Broken Flowers is a higher-concept, more accessible (and pandering?) film than we normally get from Jim Jarmusch. Bill Murray fans will kvell over his minimalist non-acting. In cameos as Don's women, Sharon Stone, Frances Conroy, Jessica Lange, Tilda Swinton and Julie Delpy all nail their characters in just a few quick strokes. And the soundtrack-as always with Jarmusch-is delicious. Yet though the film took the Grand Prix in Cannes, many viewers may find it low-energy, at times monotonous, and rarely funny compared to this auteur's hilarious and less mainstream earlier works.
As Don haphazardly sets forth on his quest, most of his exes manage improbably to be home when he pops up, bouquet in hand. Laura (a vulpine Sharon Stone) is out, but daughter Lolita (Alexis Dziena) leaps into the breach by shedding her thong in a scene that seems a cry for attention as much by the filmmaker as the character. After a night in the sack, Laura, teary with happiness, kisses Don's hand goodbye (a scene only a man could write, or Don is sumpin' else in bed). Our guy also looks in on animal communicator Jessica Lange, a great set-up for laughs that never come, and a developer of sterile McMansions, a bloodless, creepy Frances Conroy, who seems escaped from "Six Feet Under."

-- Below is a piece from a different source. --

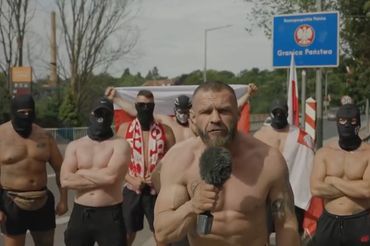 Kadr ze spotu Gromdy wymierzonego w imigrantów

At least the film refrains from Hollywood-style epiphanies; instead, it allows scenes to meander with Zen uncertainty. There are good lines: Delpy to Murray-"I'm like your mistress, only you're not married." Murray's "I'm a stalker in a Taurus" and "I was in computers and girls." With a minimalism that ought to be branded, Murray can convey his reaction to Lolita in the buff merely by making his eyes appear rounder. The fades to black that segment the scenes lend a jazzy, episodic feel. And we get a quixotic tour of America, ranging from Edward Hopperesque subdivisions to remote, hardscrabble cabins. I suppose Don could be read as a Jarmusch-style "dead" man, who's dragged back among the living. But do we care? The unresolved ending will tickle some, annoy others. Most damning, the auteur's unbeatable weirdness here mutates into preciosity.